Dan Burkert has posted comments on this change.

Change subject: KUDU-1309: [java client] support tables with non-covering 
partition-key ranges
......................................................................


Patch Set 2:

(32 comments)

http://gerrit.cloudera.org:8080/#/c/3388/2/java/kudu-client/src/main/java/org/kududb/client/AsyncKuduClient.java
File java/kudu-client/src/main/java/org/kududb/client/AsyncKuduClient.java:

PS2, Line 139: This map
             :    * is always the first to be updated, because that's the map 
from
             :    * which all the lookups are done in the fast-path of the 
requests
             :    * that need to locate a tablet. The second map to be updated 
is
             :    * tablet2client, because it comes second in the fast-path
             :    * of every requests that need to locate a tablet.

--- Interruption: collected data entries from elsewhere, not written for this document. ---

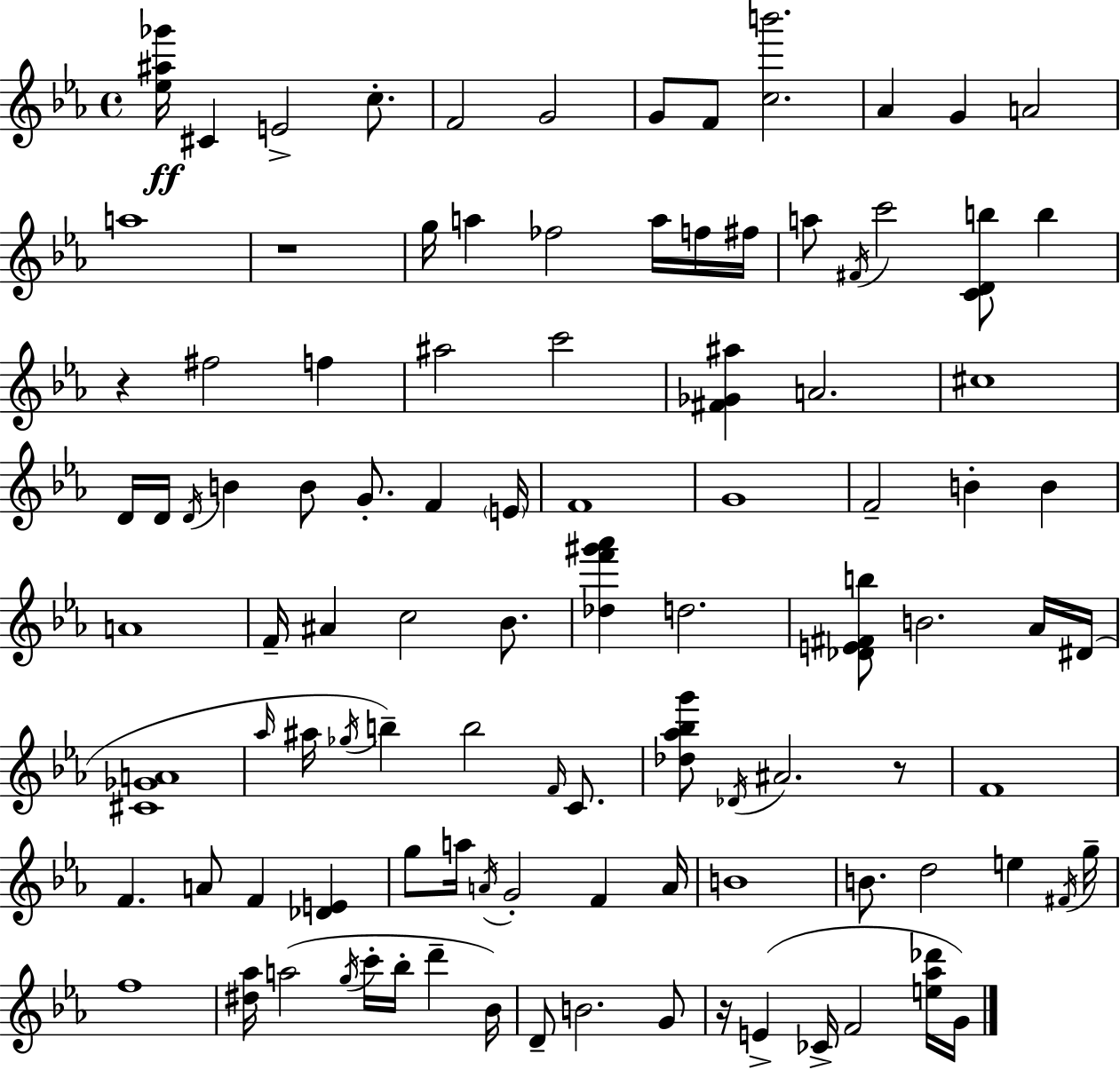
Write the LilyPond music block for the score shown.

{
  \clef treble
  \time 4/4
  \defaultTimeSignature
  \key c \minor
  <ees'' ais'' ges'''>16\ff cis'4 e'2-> c''8.-. | f'2 g'2 | g'8 f'8 <c'' b'''>2. | aes'4 g'4 a'2 | \break a''1 | r1 | g''16 a''4 fes''2 a''16 f''16 fis''16 | a''8 \acciaccatura { fis'16 } c'''2 <c' d' b''>8 b''4 | \break r4 fis''2 f''4 | ais''2 c'''2 | <fis' ges' ais''>4 a'2. | cis''1 | \break d'16 d'16 \acciaccatura { d'16 } b'4 b'8 g'8.-. f'4 | \parenthesize e'16 f'1 | g'1 | f'2-- b'4-. b'4 | \break a'1 | f'16-- ais'4 c''2 bes'8. | <des'' f''' gis''' aes'''>4 d''2. | <des' e' fis' b''>8 b'2. | \break aes'16 dis'16( <cis' ges' a'>1 | \grace { aes''16 } ais''16 \acciaccatura { ges''16 } b''4--) b''2 | \grace { f'16 } c'8. <des'' aes'' bes'' g'''>8 \acciaccatura { des'16 } ais'2. | r8 f'1 | \break f'4. a'8 f'4 | <des' e'>4 g''8 a''16 \acciaccatura { a'16 } g'2-. | f'4 a'16 b'1 | b'8. d''2 | \break e''4 \acciaccatura { fis'16 } g''16-- f''1 | <dis'' aes''>16 a''2( | \acciaccatura { g''16 } c'''16-. bes''16-. d'''4-- bes'16) d'8-- b'2. | g'8 r16 e'4->( ces'16-> f'2 | \break <e'' aes'' des'''>16 g'16) \bar "|."
}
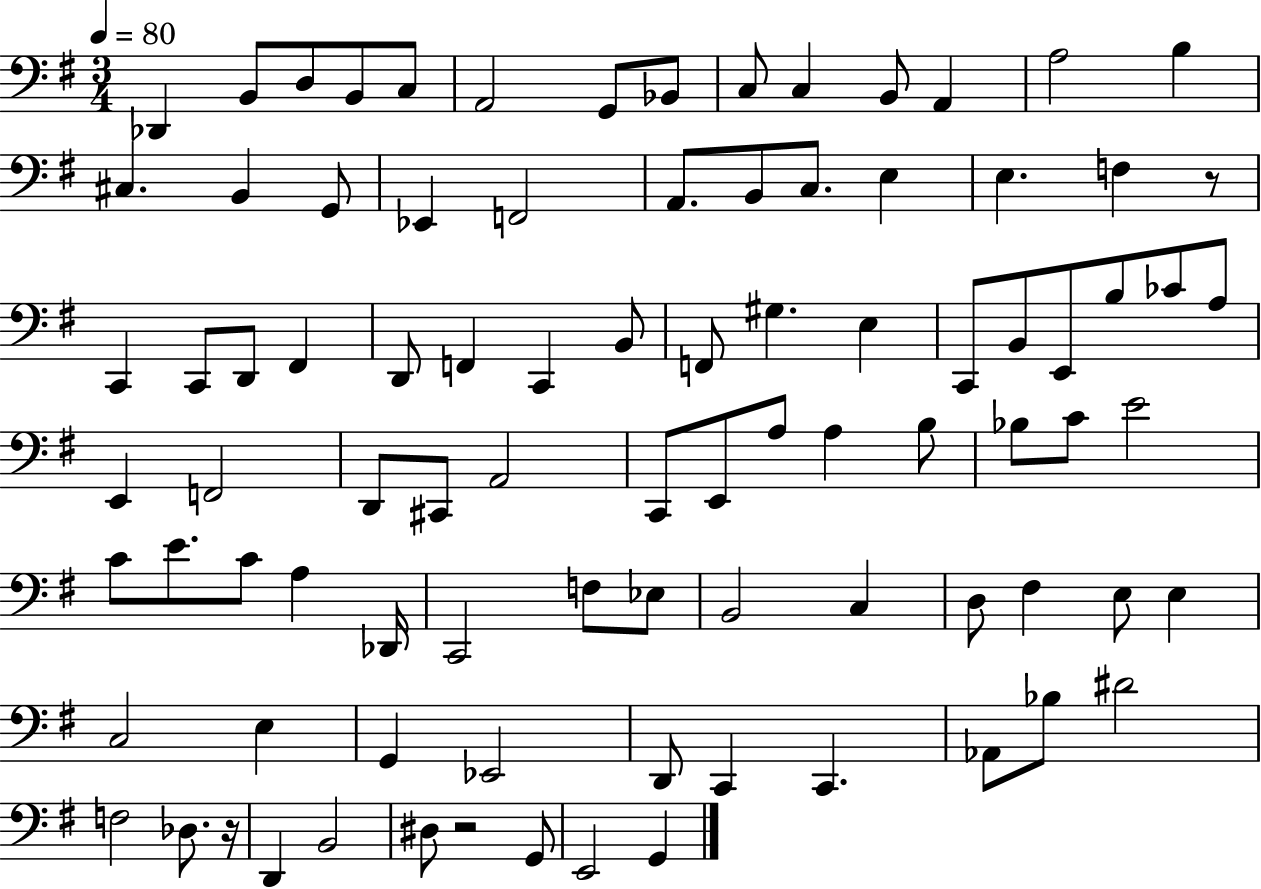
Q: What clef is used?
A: bass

The third 
map
             :    * is only used to handle TabletServer disconnections 
gracefully.
> Nit: reading this again (I reviewed it eons ago), I think this part of the 
I moved the non covered range cache out from under this comment since it really 
doesn't fit (it's not the same data indexed differently).  I agree that this 
comment is not great, but it should be fixed with a proper meta cache.


Line 155:    * Currently once a non-covered range is added to the cache, it is 
never
> Nit: prefix this part of the comment with "TODO:" since it is expected to c
Done


Line 576:   Deferred<AsyncKuduScanner.Response> openScanner(final 
AsyncKuduScanner scanner) {
> True, this can be removed.
Done


Line 685:       // Otherwise fall through to below where a GetTableLocations 
lookup will occur
> Nit: end with a period.
Done


Line 1148:       Pair<byte[], byte[]> nonCoveredRange = 
getNonCoveredRange(table.getTableId(), key);
> Nit: if you want, you can call getTableId() once outside of the loop, store
Done


PS2, Line 1355:     NonCoveredRangeCache nonCoveredRanges = 
nonCoveredRangeCaches.get(tableId);
              :     if (nonCoveredRanges == null) {
              :       nonCoveredRanges = new NonCoveredRangeCache();
              :       NonCoveredRangeCache oldCache = 
nonCoveredRangeCaches.putIfAbsent(tableId, nonCoveredRanges);
              :       if (oldCache != null) {
              :         nonCoveredRanges = oldCache;
              :       }
              :     }
> How about just:
putIfAbsent returns null if the entry was absent.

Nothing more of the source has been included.